30. Environmental Adverse Impacts:
The adverse impacts on the environmental that is commonly connected with mining activities appear to be
due mainly to poor management of the different types of mining wastes. Mismanagement of tailings can result in the
discharge into the environment of wastes that rich in toxic heavy metals. Alteration in the water table, acid mine
drainage, and potential surface and ground water pollution are common environmental challenges in mine areas. Dust
emissions during loading, en route, and unloading of the ore, and during crushing affect the quality of urban air in the
vicinity of the mine area. Chemicals and reagents added during the beneficiation of the ore can have adverse
environmental impacts as well as impose health risks if not appropriately handled and controlled. Inappropriate
disposal of solid and liquid mine wastes may lead to leaching of pollutants from disposal areas and can result in soil
and groundwater contamination. Flooding caused by tailings dams failure and dump heaps collapse can contaminate
both surface and groundwater. Loss of surface vegetation and consequent soil erosion in mining areas can have
serious long-term ecological consequences.

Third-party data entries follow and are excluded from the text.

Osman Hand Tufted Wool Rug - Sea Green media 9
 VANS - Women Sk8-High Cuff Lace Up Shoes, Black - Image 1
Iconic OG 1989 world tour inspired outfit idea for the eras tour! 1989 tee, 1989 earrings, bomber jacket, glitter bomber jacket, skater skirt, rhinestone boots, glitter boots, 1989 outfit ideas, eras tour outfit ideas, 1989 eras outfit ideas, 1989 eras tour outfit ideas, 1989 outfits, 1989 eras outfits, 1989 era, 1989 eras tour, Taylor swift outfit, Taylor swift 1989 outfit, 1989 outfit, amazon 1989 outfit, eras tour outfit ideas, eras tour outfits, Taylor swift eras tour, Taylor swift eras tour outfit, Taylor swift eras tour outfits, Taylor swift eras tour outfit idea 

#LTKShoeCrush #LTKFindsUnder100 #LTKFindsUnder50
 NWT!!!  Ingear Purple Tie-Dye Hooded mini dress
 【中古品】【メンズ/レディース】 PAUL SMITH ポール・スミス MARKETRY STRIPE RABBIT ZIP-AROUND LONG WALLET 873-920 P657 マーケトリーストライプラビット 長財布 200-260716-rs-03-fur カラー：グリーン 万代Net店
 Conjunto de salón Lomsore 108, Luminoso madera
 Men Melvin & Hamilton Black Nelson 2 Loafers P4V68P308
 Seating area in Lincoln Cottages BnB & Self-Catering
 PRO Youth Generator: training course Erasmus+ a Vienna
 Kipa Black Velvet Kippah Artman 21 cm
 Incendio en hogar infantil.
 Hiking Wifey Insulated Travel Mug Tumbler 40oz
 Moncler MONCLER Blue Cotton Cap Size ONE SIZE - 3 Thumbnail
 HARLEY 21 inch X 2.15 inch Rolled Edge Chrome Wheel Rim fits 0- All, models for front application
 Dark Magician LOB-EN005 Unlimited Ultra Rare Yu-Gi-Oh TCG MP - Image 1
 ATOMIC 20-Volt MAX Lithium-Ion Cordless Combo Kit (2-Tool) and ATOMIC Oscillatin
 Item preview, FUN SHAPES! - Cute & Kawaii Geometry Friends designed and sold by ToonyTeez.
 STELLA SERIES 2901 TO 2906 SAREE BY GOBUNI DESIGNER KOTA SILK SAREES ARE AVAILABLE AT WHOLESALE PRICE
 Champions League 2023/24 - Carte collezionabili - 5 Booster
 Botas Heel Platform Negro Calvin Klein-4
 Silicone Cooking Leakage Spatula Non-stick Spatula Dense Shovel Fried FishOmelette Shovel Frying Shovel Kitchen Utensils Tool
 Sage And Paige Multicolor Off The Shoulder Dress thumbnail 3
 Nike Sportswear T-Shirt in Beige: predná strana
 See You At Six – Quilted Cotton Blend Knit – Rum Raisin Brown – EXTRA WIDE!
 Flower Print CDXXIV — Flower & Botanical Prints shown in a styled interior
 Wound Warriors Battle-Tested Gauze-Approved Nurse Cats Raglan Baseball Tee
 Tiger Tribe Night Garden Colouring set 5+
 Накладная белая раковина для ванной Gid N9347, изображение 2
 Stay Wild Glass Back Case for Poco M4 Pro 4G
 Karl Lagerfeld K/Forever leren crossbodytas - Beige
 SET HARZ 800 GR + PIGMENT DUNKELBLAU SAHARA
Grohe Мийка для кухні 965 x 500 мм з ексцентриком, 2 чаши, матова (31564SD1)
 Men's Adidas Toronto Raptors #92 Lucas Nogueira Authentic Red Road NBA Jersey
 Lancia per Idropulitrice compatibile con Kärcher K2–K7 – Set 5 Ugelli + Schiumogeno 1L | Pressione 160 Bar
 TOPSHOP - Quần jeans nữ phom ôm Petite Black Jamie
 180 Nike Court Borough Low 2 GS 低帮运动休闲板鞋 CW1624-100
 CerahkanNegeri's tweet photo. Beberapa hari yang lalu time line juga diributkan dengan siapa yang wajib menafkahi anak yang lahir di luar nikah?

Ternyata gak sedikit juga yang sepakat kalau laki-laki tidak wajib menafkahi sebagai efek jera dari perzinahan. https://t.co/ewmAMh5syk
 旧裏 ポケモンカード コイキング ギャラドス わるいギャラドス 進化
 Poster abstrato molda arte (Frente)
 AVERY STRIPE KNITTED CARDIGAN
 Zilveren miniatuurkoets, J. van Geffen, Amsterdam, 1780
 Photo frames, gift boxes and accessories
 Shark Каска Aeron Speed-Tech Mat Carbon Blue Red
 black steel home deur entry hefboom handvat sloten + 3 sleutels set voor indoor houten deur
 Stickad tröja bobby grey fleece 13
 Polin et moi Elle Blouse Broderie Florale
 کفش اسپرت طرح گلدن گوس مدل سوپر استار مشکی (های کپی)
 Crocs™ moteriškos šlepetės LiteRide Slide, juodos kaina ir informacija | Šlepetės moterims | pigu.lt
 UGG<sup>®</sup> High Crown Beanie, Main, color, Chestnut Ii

The impact of the beneficiation process depends largely on the chemicals and reagents added to the original ore to fit
the chemical and physical properties of the end product rather than on the geological sit up of the phosphate ore
body and the surrounding rocks. In all cases, land and water resource consumption and/or degradation is a common
issue for both mining and beneficiation activities.
The impacts of crushing, grinding, and sorting at early stages of beneficiation process produce airborne particulates
and deteriorate the air quality. At Abu Tartur mine area dust storms occur all year long, the reported values of total
suspended particulate are significantly greater than the 120 mgm-3 maximum concentrations permissible (Ahmed
2003). Radioactive Phosphatic dust can be precipitated at and around the mine areas in the form of wet precipitation
and/or dry deposition. The radioactive dust can be accumulated on surface soils, become bio-available by animals and
plants and enter the food chain. Radon gas produced from phosphate piles and tailings is of concern and can be
considered as a potential hazard (UNSCEAR 1993, IAEA 2004).

31. Human health Risk:
Adverse health impacts associated with phosphate mining are stemmed from the inhalation of
particulate emissions and the intake of heavy metals, metalloids, non-metals and their oxides, either
from the mining activates or from the application of the phosphatic fertilizers. Radiation hazards are also
of concern as the phosphates of the Abu Tartur mine are proved to have Naturally Occurring Radioactive
Materials (NORM) due to thorium and uranium decay series 232Th and 238U (Khater et al. 2001), and
are considered as a radiation health hazard (Makweba and Holm 1993, Abbady et al. 2005). Air
particulates emissions produced during processing and transportation of phosphate ore represent a
potential health hazard; they might cause respiratory problems at least to the miners (Khater et al. 2004).
Mining of phosphate rocks and application of phosphatic fertilizers are major sources of heavy metals
that enter the environment (Pinsky 1988). Phosphate mine wastes can cause environmental hazards as
they contain significantly toxic elements, such as Th, U, REE, As, Cd, V, Sb, Zn, Cr, Ni, Cu, etc, depending
on the origin of the phosphate deposit, the mining method, and the beneficiation technology used.